A spokesman for the National Mining Association said the GAO report is misguided.
“The GAO did not cite a single instance of a self-bonded company that defaulted and failed its reclamation obligation,” spokesman Luke Popovich said. “So its recommendation to legislate the end of self-bonding is not only unfounded but it would worsen financial risk by shifting more of the burden to surety companies.”
States and the feds reported coal mine operators forfeited more than 450 financial assurances for reclamation between July 2007 and June 2016, with 13 of the 25 states reporting at least one forfeiture.
The amount of financial assurance forfeited was sufficient to cover the cost of reclamation in only about 52 percent of the cases, states reported, and did not recover the cost of required reclamation in about 22 percent of the cases.
In the remaining 26 percent of the cases, the states reported they had not yet determined if the financial assurances would be enough to cover reclamation.
The GAO report said a “substantial number of acres of land” throughout the United States has been disturbed by surface and underground coal mining with little or no reclamation occurring.
Since the abandoned mine land program was created, about $3.9 billion in public funds has been spent to reclaim abandoned mines, and there remains at least $10.2 billion in reclamation costs for coal mines abandoned prior to 1977, according to the Office of Surface Mining Reclamation.
Coal accounts for roughly 17 percent of energy production – and 30 percent of electricity production – in the United States, according to the GAO.
To generate this energy, about 730 million tons of coal were mined domestically in 2016, according to the U.S. Energy Information Administration, approximately 40 percent of which was produced on federal lands.
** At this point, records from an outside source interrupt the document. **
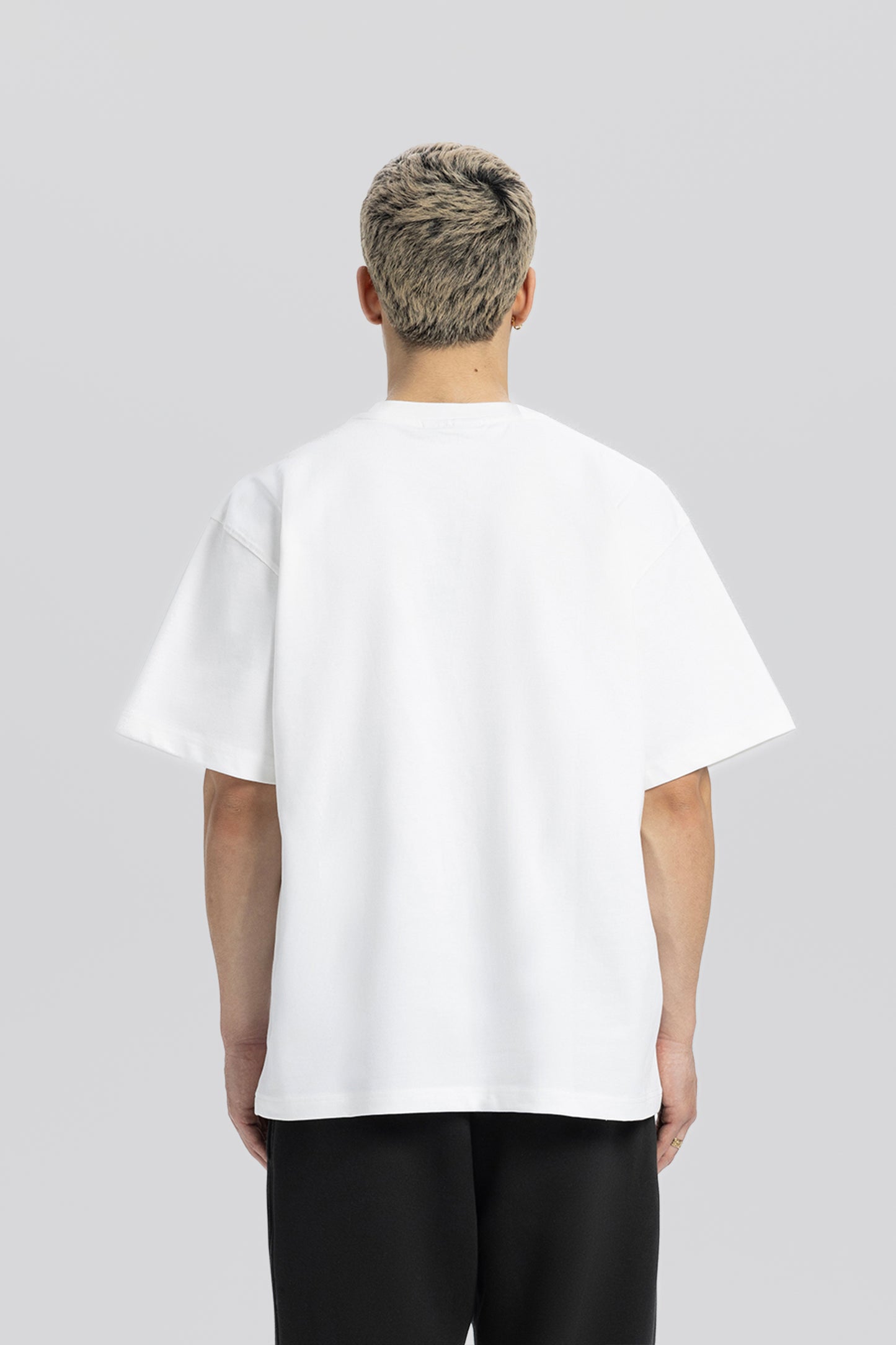 Flaw Embroidery White Star Tee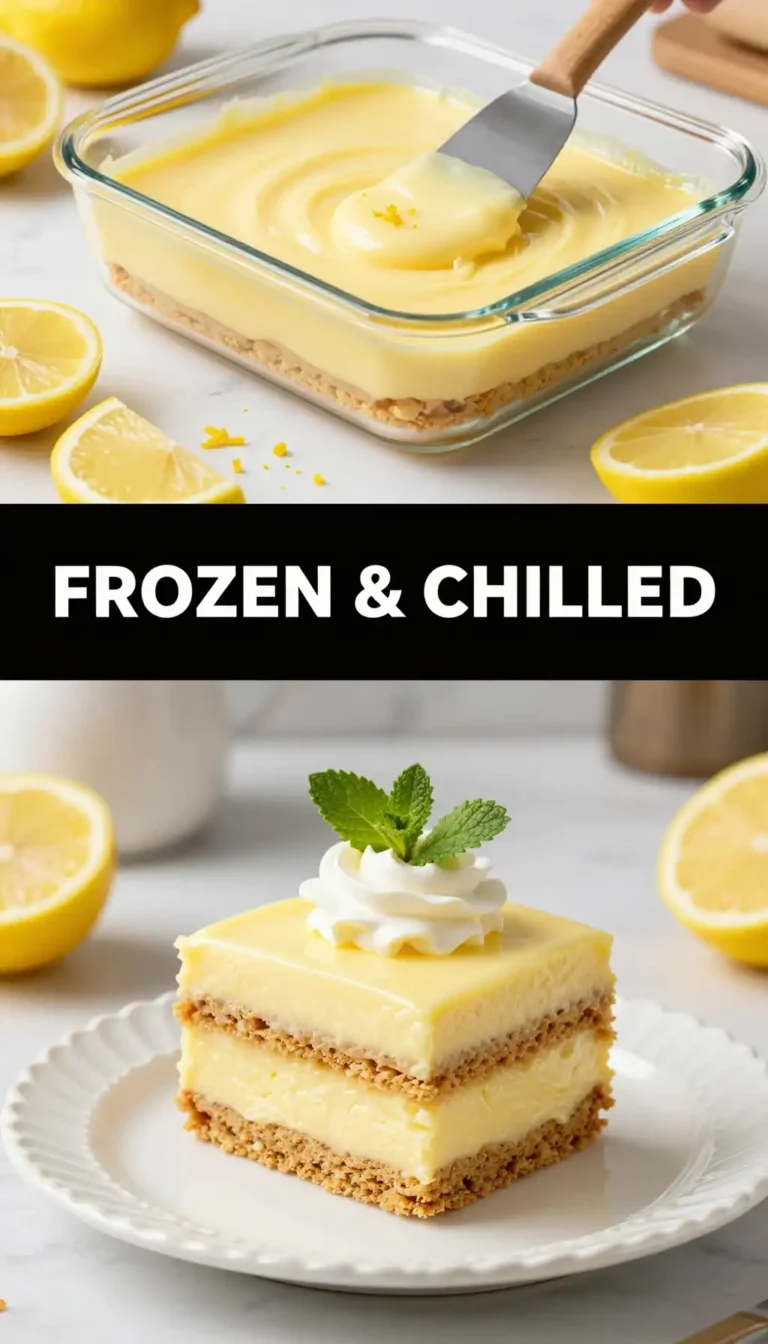 Icebox Lemon And Graham Cracker Cake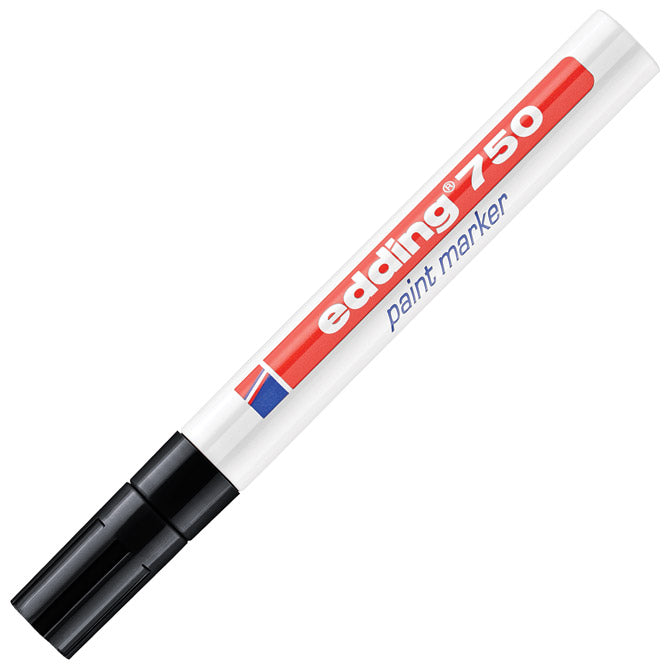 Permanentni lakirni marker 2-4mm edding 750 črn
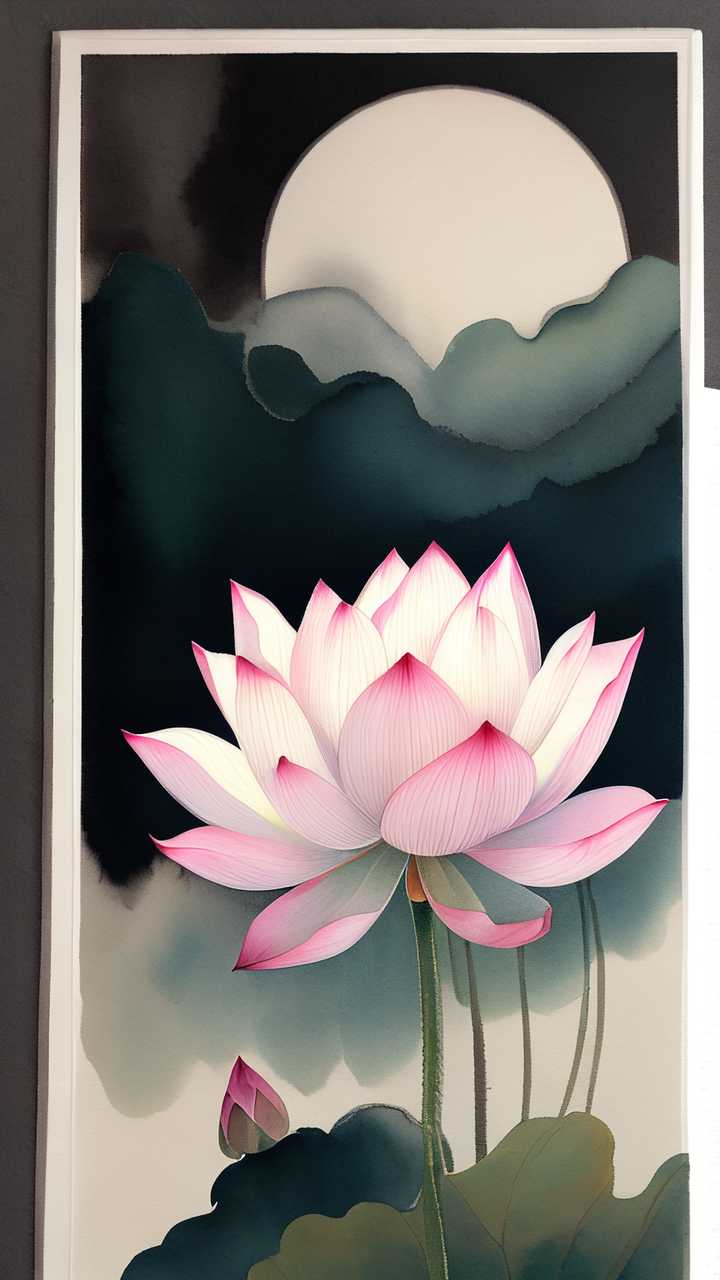荷花插画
Coal companies have permits to disturb 2.3 million acres of land, according to the Office of Surface Mining Reclamation.
In addition to disturbing the land surface, mining can increase sediments in rivers or streams which may negatively affect aquatic species, the GAO said. Mining can expose minerals to air and water, leading to acid mine drainage, long-term water pollution and harm to some fish and wildlife species, the GAO said.
Mine operators must return sites to their approximate original contour unless the operator receives a variance from the regulatory authority. Coal mines must show successful revegetation of the mine site for five years in locations that receive more than 26 inches of rain annually or for 10 years in drier areas, according to the GAO.
The GAO took input for its report from the Interstate Mining Compact Commission, the National Association of Insurance Commissioners, the National Mining Association, the Surety and Fidelity Association of America, the Natural Resources Defense Council and the Western Organization of Resource Councils.
Seven states that have coal mines also weighed in: Illinois, Kentucky, Montana, Pennsylvania, Tennessee, West Virginia and Wyoming.
Federal officials identified six states – Indiana, Kentucky, Maryland, Ohio, Virginia and West Virginia – with alternative bonding systems known as bond pools. Under that system, operators can post financial assurances for less than the estimated cost of reclamation but also must pay into a bond pool.